The peripheral zone (PZ) contains about 70% of the glandular tissue
and forms the external layer of the prostate predominant at the apex
and the posteriolateral side.
The central zone (CZ) surrounds the ejaculatory ducts.
The transition zone (TZ) is central and less prominent in younger men.
With increasing age, the TZ may become the dominant zone (hypertrophy)
reducing the visibility of the CZ on T2 images and compressing the PZ.
Therefore, the term central zone is often used to define the TZ hypertrophy
clearly visible on ultrasound and MRI. The TZ, PZ, and the AFS are clearly
defined on T2 MRI. Two papers explaining the anatomy of the prostate for
imaging and radiotherapy treatment planning have recently been published
(1) (2).
The neurovascular bundles contain the cavernous nerves responsible for
potency. They are located in close proximity to the prostate gland on the
posterolateral surface. Branches of the neurovascular bundles enter the
prostate at the base (superior pedicle) and the apex (inferior pedicle)

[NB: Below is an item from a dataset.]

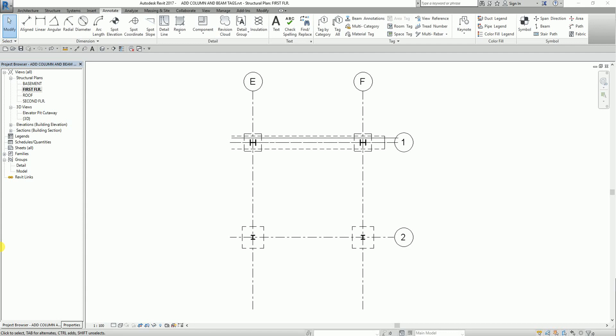For today's lesson, I'm going to teach you how to add columns and beam tags in Revit Structure 2017. It's like a continuation. On my last exercise, I have shown you how to add dimensions and spot symbols. So now I'm going to show you how to add column and beam tags.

posterolaterally. They represent the main route of extraprostatic spread of
cancer as they enable cancer cells to bypass the anatomical barrier of the
prostate capsule. Extracapsular extension in the absence of perineural
invasion is uncommon and is usually associated with large, high-grade
tumors. Extracapsular extension most commonly occurs on the posterolateral
surface of the prostate near the region of the neurovascular bundles. The
distance from the prostate capsule to the neurovascular bundle is 2 to 5 mm
at the apex (inferior pedicle) and 10 to 15 mm at the base (superior pedicle)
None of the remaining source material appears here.